File block data is represented as a bunch of pointers to the various blocks used by the file. There is enough room in the inode structure to store the first 12 blocks. Then there is a pointer to what they call an “indirect block”, which stores more pointers. There is also a pointer to a doubly-indirect block and a trebly-indirect block. Perhaps you can make more sense of Wikipedia’s diagram than I can, but I don’t fully understand the double- and triple-indirect blocks yet. That being said, I haven’t started reading the ext2 Internal Layout Guide by David Poirier yet, mostly because it’s a 58-page guide describing the guts of ext2 in excruciating detail.

FFS/UFS

The Unix File System / Fast File System was the original filesystem used on the *BSDs, and still in use today. The Berkeley Fast File System was written by Dr. Marshall Kirk McKusick while still at Berkeley. He also added “soft updates” to FFS (a alternative to journalling) and then revised FFS into FFS2.

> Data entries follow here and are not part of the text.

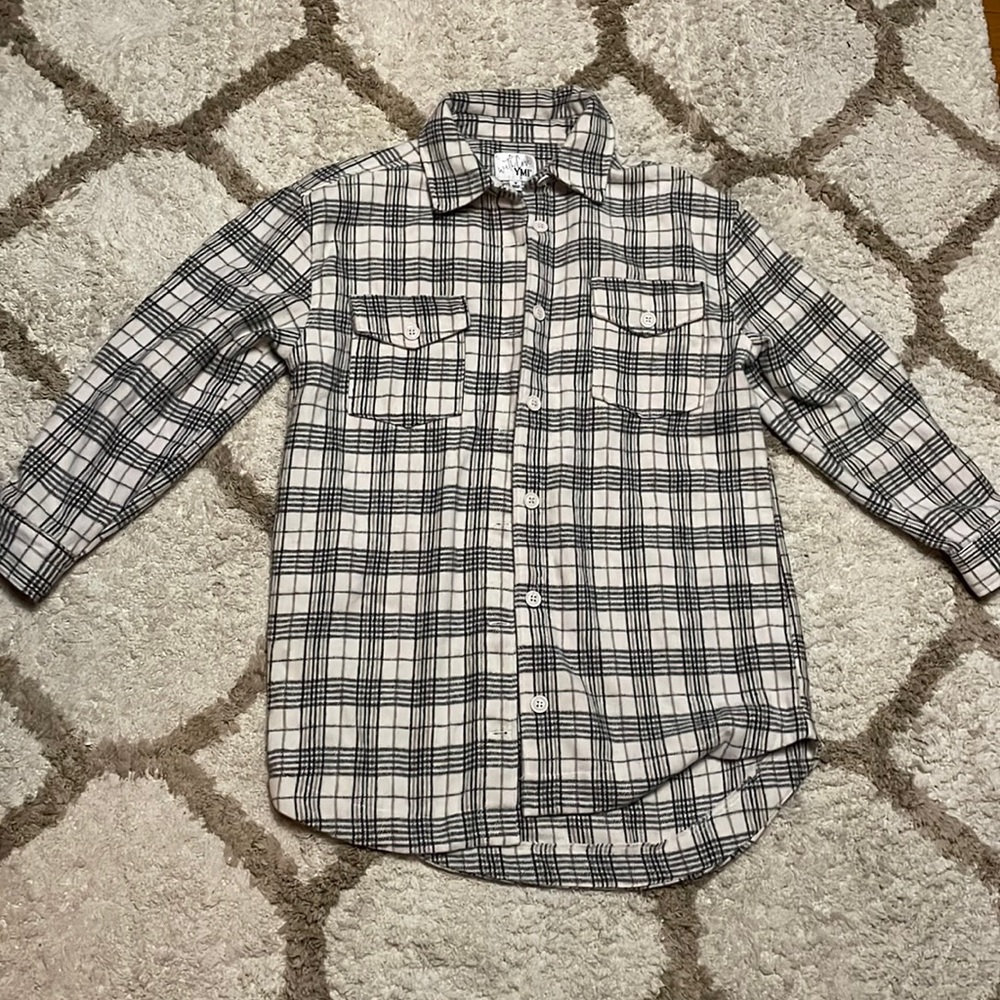 Cream/grey/brown shacket flannel. Size M.
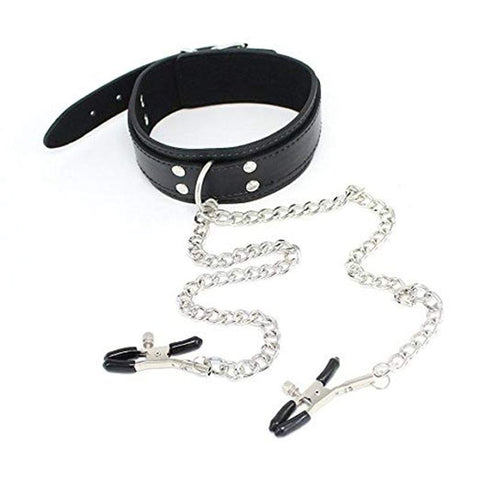 KinkyKandi Bondage Collar Black with Nipple Clamps - Collars and Leads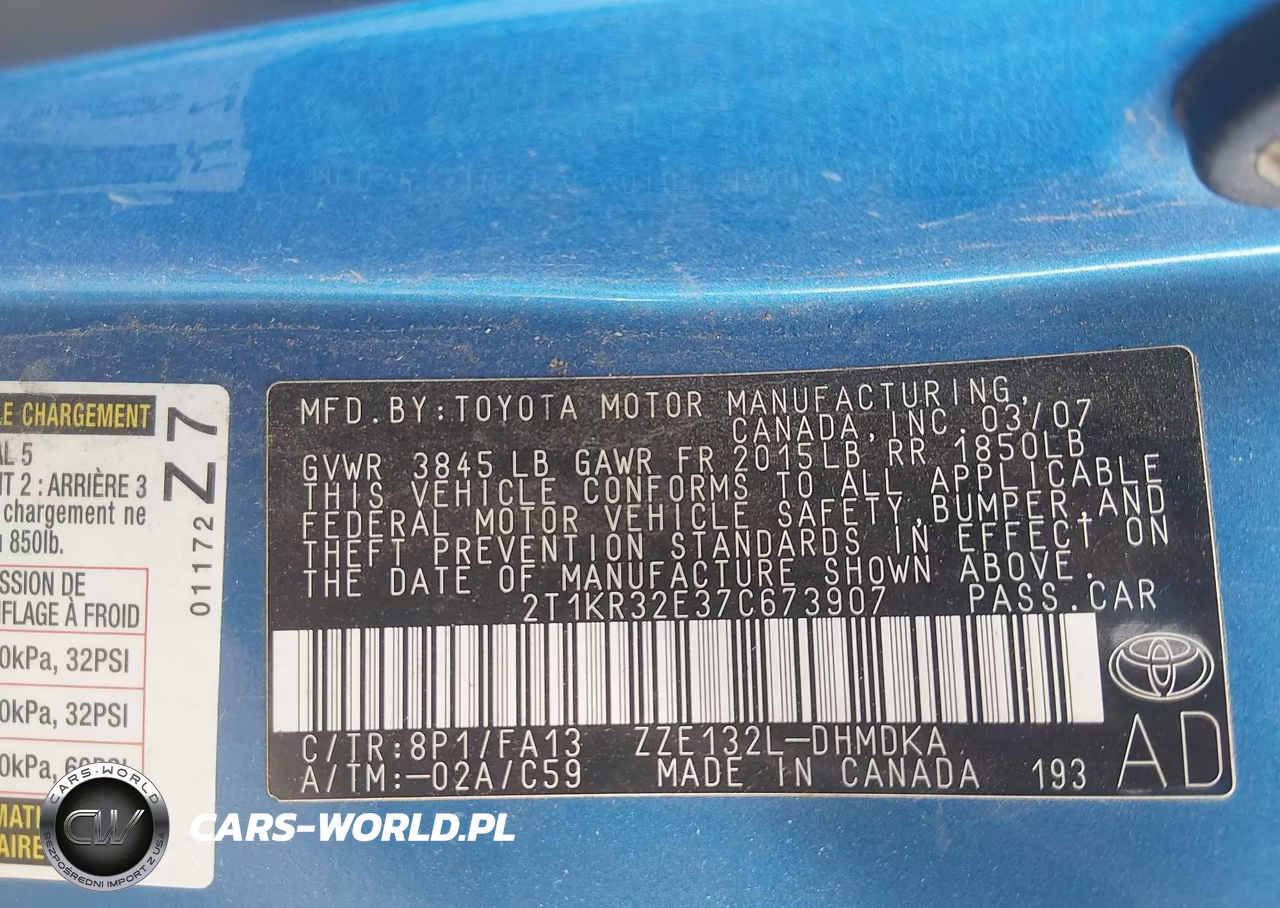 2007 Toyota Matrix VIN:2T1KR32E37C673907 - 9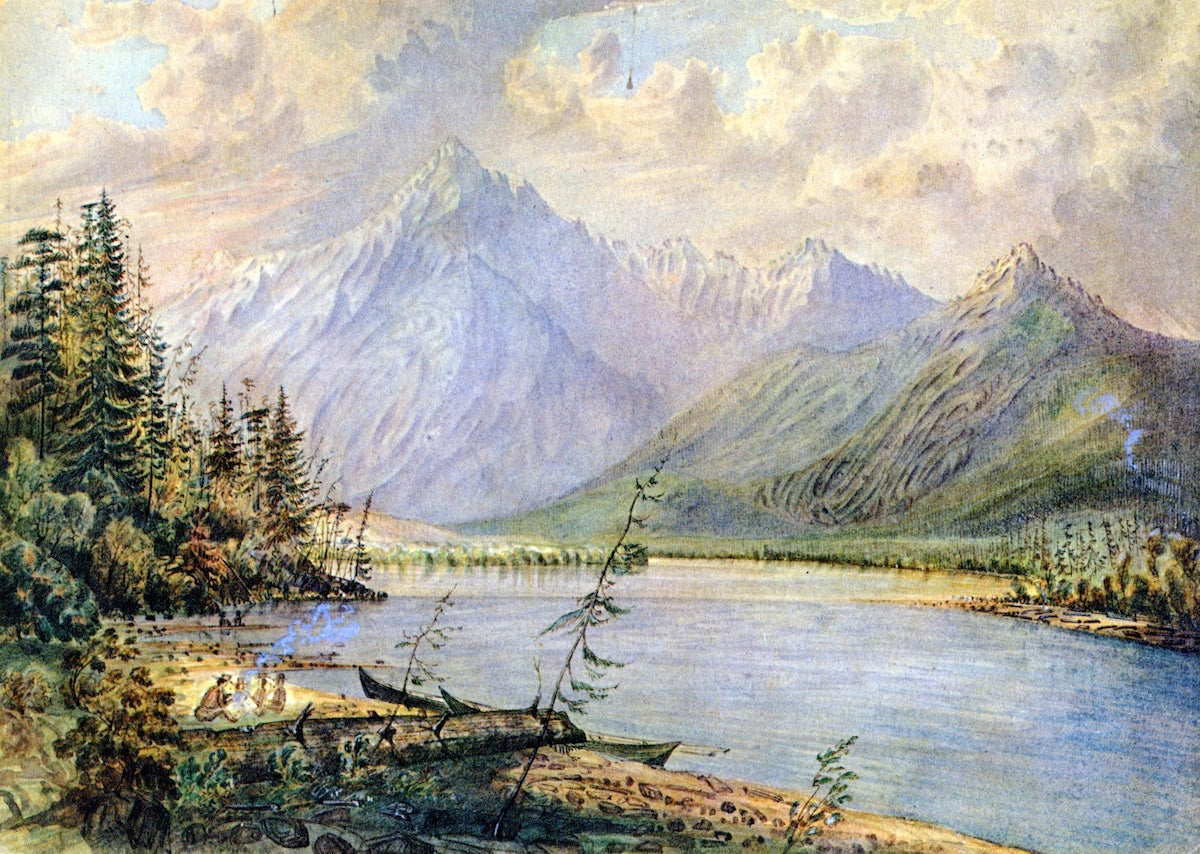 Fraser's [sic] River Camp, vintage artwork by James Madison Alden, 12x8" (A4) Poster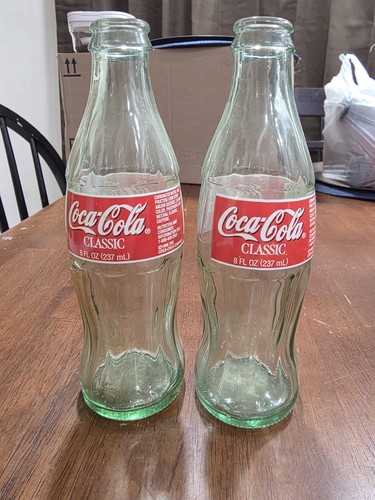 Vintage pair 8oz green glass - 8oz,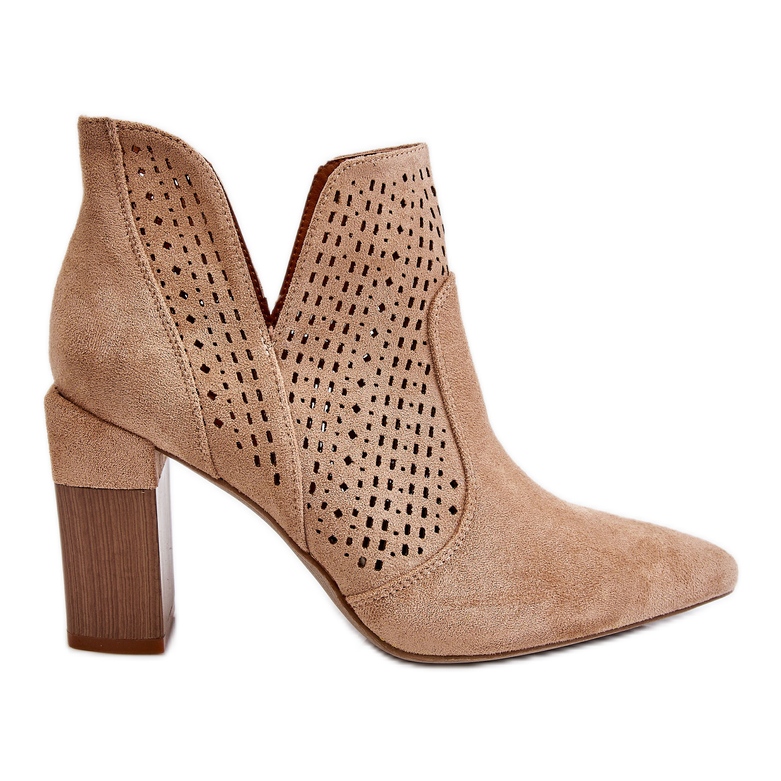 Fashionable Suede Openwork High Heel Boots Beige Genevi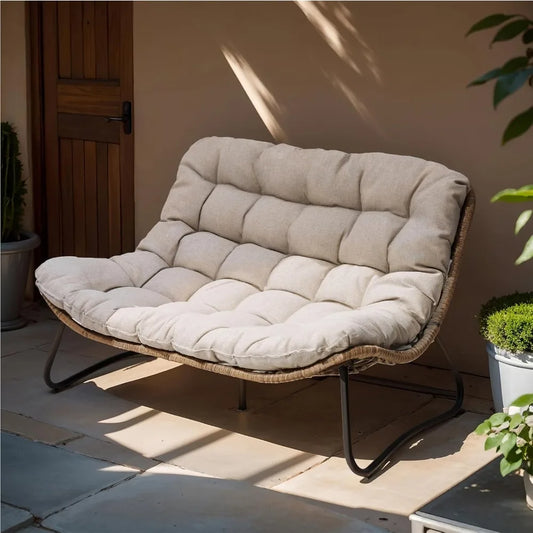 Outdoor Loveseat 2 Seater Cozy Rattan Couch with Soft Cushion for Patio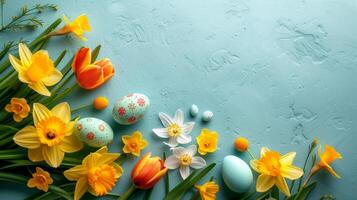 AI generated Beautiful Easter background for advertising with daffodils, tulips and colorful Easter eggs. photo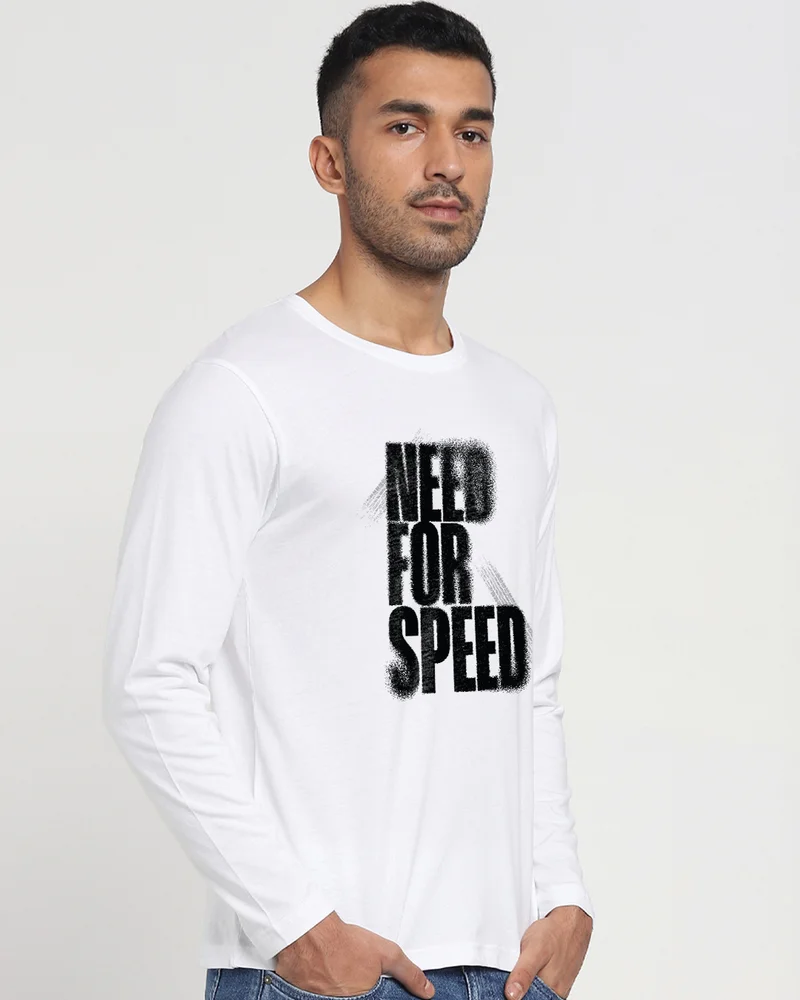 بيواكوف Men's White Need For Speed Typography T-shirt
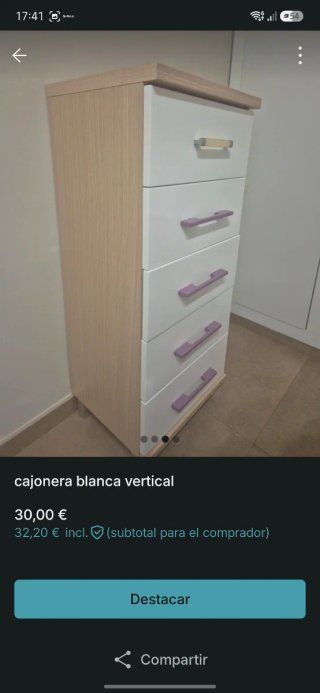 Cajonera vertical blanca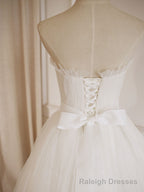 Simple  Lace Tea Length White Prom Dress, Tulle Lace Bridesmaid Dress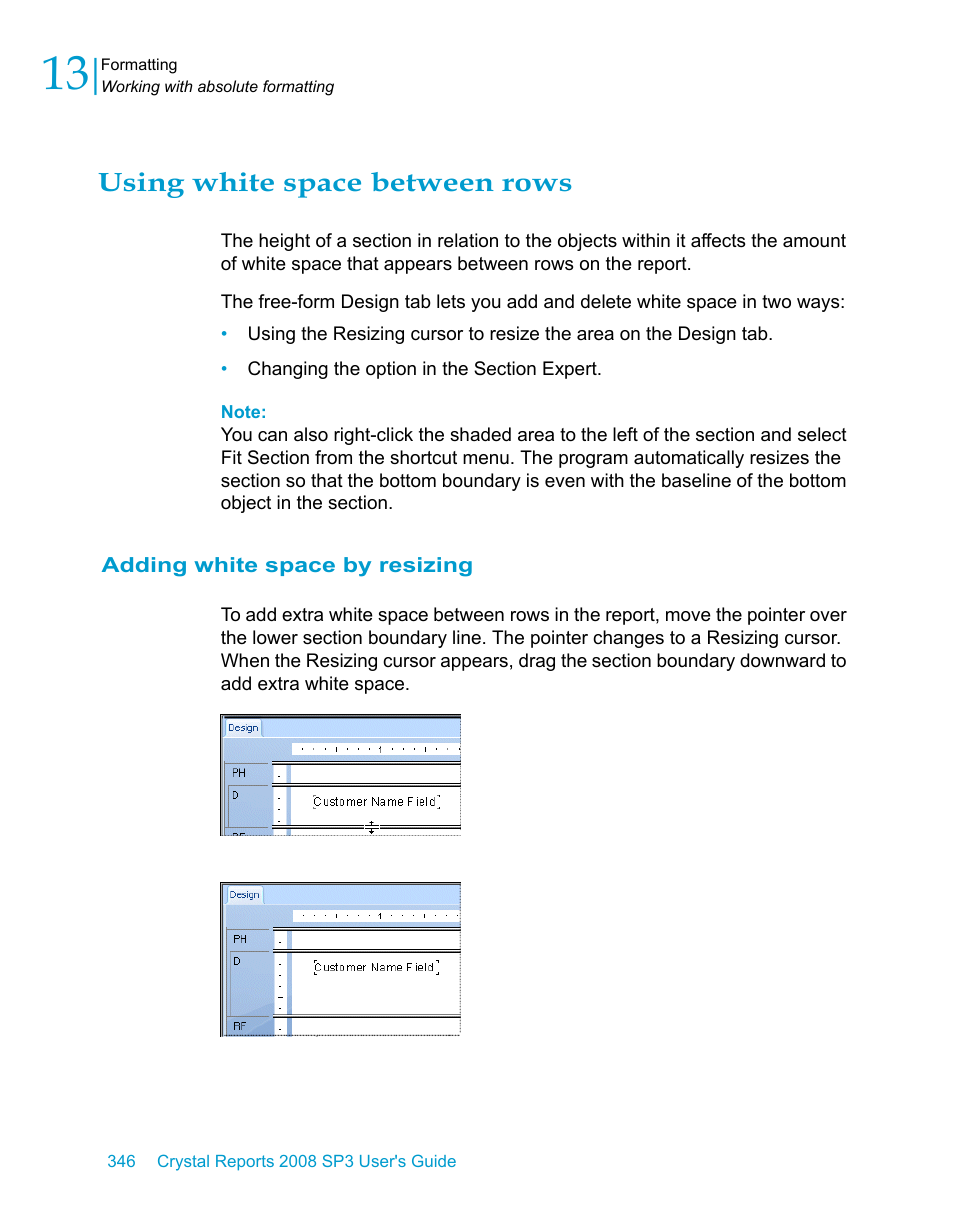 Using white space between rows, Adding white space by resizing, Using | White space between rows | HP Intelligent Management Center Standard Software Platform User Manual | Page 346 / 814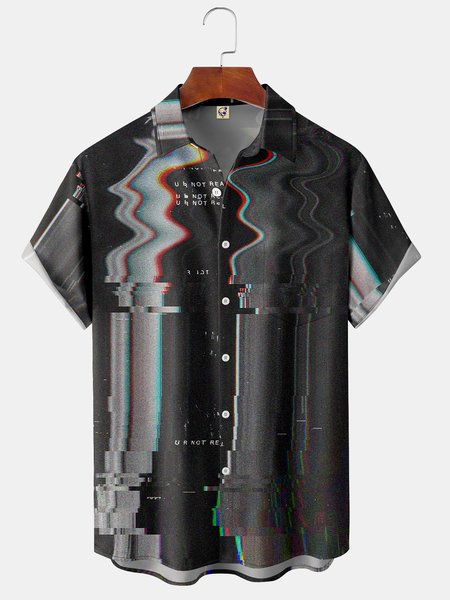 

Geometric Irregular Stripes Chest Pocket Short Sleeve Shirt, Black-grey, Men Shirts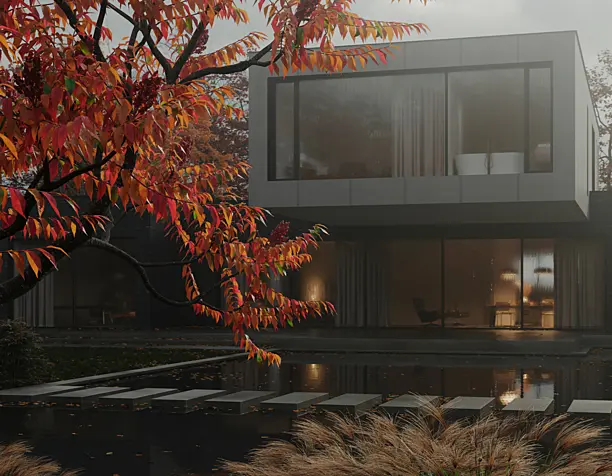 HOUSE AMONG DECIDUOUS FOREST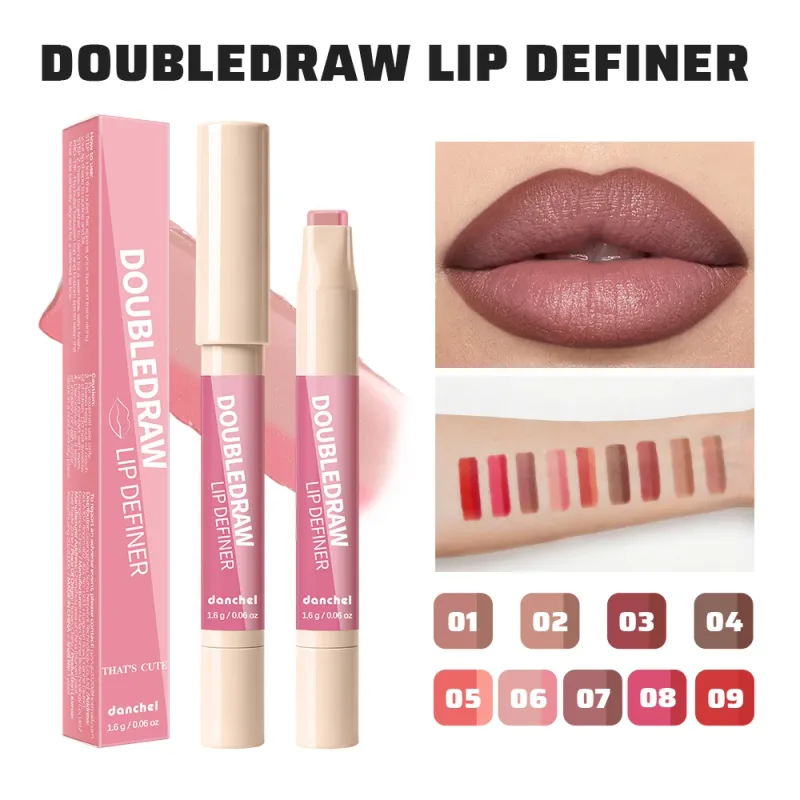 10 Colors Double Draw Lip Definer 2 In 1 Lip Liner Lip Gloss Silky Cream Texture Long Lasting Hydrating High Pigment Lip Makeup — image 6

Many of the ideas built into ext2 came from FFS, so things might look a little similar here. FFS has the idea of “cylinder groups”, each of which is a group of inodes and the associated data.

Straight from Wikipedia:

Early versions of Unix filesystems were referred to simply as FS. FS only included the boot block, superblock, a clump of inodes, and the data blocks. This worked well for the small disks early Unixes were designed for, but as technology advanced and disks got larger, moving the head back and forth between the clump of inodes and the data blocks they referred to caused thrashing. Marshall Kirk McKusick, then a Berkeley graduate student, optimized this for 4.2BSD’s FFS (Fast File System) by inventing cylinder groups. This breaks the disk up into smaller chunks, each with its own inode clump and data blocks.

The intent of BSD FFS is to try to localize associated data blocks and metadata in the same cylinder group; and, ideally, all of the contents of a directory (both data and metadata for all the files) in the same or nearby cylinder group, thus reducing fragmentation caused by scattering a directory’s contents over a whole disk.

I guess that answers my question as to why cylinder/block groups are used.